Are Taiwan Inc. and Japan Inc. giving up on China?
Taiwanese and Japanese companies invested in China within months of Deng Xiaoping taking power. But the political and business environment is changing.

For decades, Taiwanese and Japanese firms were some of China’s most successful overseas investors and businesses. But now, as cross-strait relations deteriorate and politics have taken center stage in China, those companies are looking elsewhere.
Taiwanese firms played a pivotal role in China’s economic rise. As the political scientist Shelly Rigger writes, Taiwanese SMEs were some of the first to take advantage of China’s cheap labor and business environment, and helped transform China into “the world’s factory.”

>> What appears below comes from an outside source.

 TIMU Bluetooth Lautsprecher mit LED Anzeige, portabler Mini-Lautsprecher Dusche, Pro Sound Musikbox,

Japanese firms were also key players in China’s opening up and development: In 1978, Panasonic became, in the words of the state-owned China Daily, “the first foreign company to settle in China” when it welcomed Dèng Xiǎopíng 邓小平 to a factory in Japan and soon afterward began doing business in China.

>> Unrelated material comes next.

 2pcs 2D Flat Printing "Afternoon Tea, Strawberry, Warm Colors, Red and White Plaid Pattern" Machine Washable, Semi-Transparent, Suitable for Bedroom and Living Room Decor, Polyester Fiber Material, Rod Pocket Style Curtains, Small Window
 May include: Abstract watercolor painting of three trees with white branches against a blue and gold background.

But those days are gone: Here is a calendar of Taiwanese disillusionment with the P.R.C.:
- In November, the mainland conglomerate Far Eastern Group was fined $14 million for environmental violations, but Chinese officials later linked the fine to the group’s donations to the DPP, the party of Taiwan’s President Tsai Ing-wen (蔡英文 Cài Yīngwén). Far Eastern operates subsidiaries in textiles and cement manufacturing.
- Taiwanese investments into mainland China decreased 14% this year, according to statistics released by the Taiwan Economic Ministry on Monday. However, China’s FDI into Taiwan increased 23% compared with last year. The Ministry cited “changes in the business environment” and “U.S.-China trade conflict and the ongoing technology war” as factors in the decrease.

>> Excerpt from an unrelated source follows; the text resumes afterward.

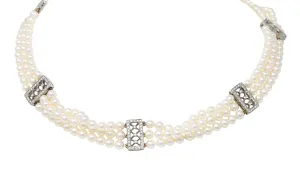 Tiffany & Co. Diamond Pearl Platinum Voile Three Strand Station Collar Necklace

- Since 2019, the Taiwanese government has promised over $54 billion to encourage firms to invest back home. Some, such as chipmaker TSMC, are developing closer ties with Japan and the United States.
Something similar is happening in Japan:
- In February, Japan began to reward manufacturers who diversified supply chains throughout Asia, announcing a $2.1 billion plan to help fund projects that involve its ASEAN neighbors.
- In August, Japan’s SoftBank paused its China investments to wait out China’s big tech crackdown. The tech and investment giant holds about a quarter of its $154 billion investment portfolio in China as a major shareholder in such titans as Alibaba and Didi.
The shift in investment flows and supply lines signals the role that political and other non-economic factors are beginning to play in the calculations of Taiwanese and Japanese business leaders. But while many of the Taiwanese and Japanese state-backed initiatives to incentivize decoupling from China are affecting small- and medium-sized companies, they have not yet affected major manufacturers such as Foxconn and Toyota, which maintain extensive operations in and business ties to China.